Advert in the 1922 Thanet advertisor, showing the acoustic station assets being sold by the Royal Engineers (British Newspaper Archive)
In search of ever lower frequencies the scale of sound mirrors continued to increase. While plans for a 471ft wide strip mirror at Dover never came to fruition, one spanning 200ft was constructed at Denge (and another was eventually built in Malta). So large that it required a series of independent listening stations and microphones positioned along it, this invention far exceeded the scale of what was undertaken at Joss Bay and arguably the bounds of reason too. Incomplete until 1930, the Denge experiment formed the premise of an expensive plan to position 200ft strip mirrors every 16 miles, all the way from Norfolk to the Dorset coast. It was an untimely proposal given aircraft technology was advancing flight speeds (which reduced the detection times offered by sound mirrors) and, with radio experimentation already delivering encouraging results, a number of scientists were growing concerned about the wisdom of such an investment. Radar research under Watson-Watt, codenamed operation cukoo, had already been gaining confidence in its capacity to supersede Tucker’s work, and in 1936 tests at Orford Ness set out to prove it convincingly before MOD funds were squandered. The consequence was an unequivocal victory, when radio waves showed they could track an aircraft reliably at 80 miles.

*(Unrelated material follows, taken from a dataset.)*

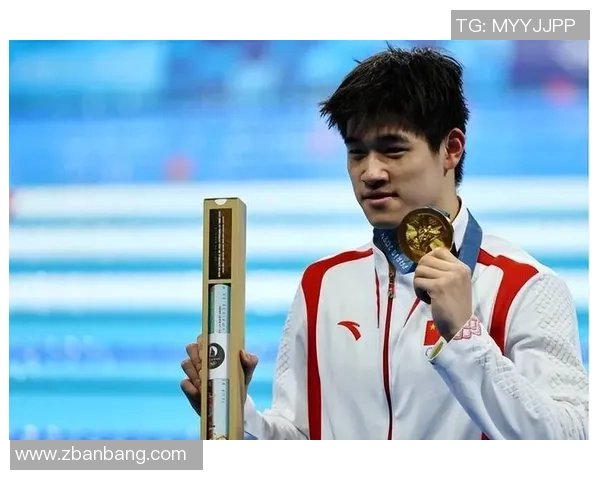 新王当立!18岁张展硕打败孙杨潘展乐夺金,敞开他的年代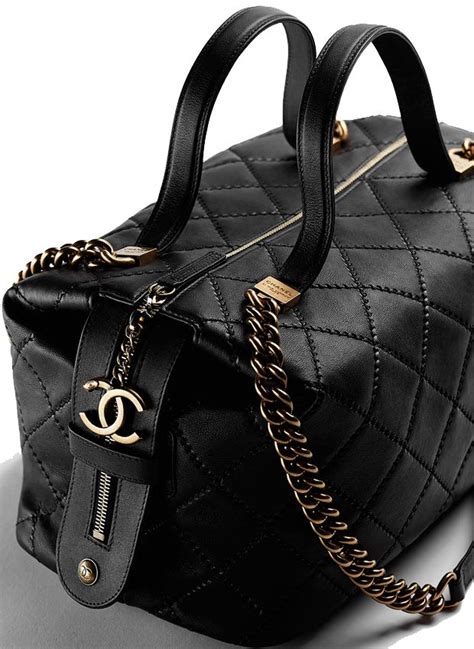 chanel 19 borse|chanel borse listino prezzi.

The Denge 200ft strip mirror under construction near Dungeness (Scarth 2017, pg. 100)
While it was clear that radar had now thoroughly outmoded acoustic detection, the infrastructure and coastal positioning sound mirrors left behind facilitated the rapid implementation of radar systems during the lead up to the Second World War, and a number of chain home low radar stations were situated on their former sites.Tucker was eventually relieved of his post and faced the final humiliation of being ordered to test the containment potential of sound mirrors on explosive blasts - experiments that would ultimately demolish his Denge creations. Thankfully these never took place, and the monolithic sculptures still survive near Dungeness today, where they serve as monuments to Tucker’s lifework and vision.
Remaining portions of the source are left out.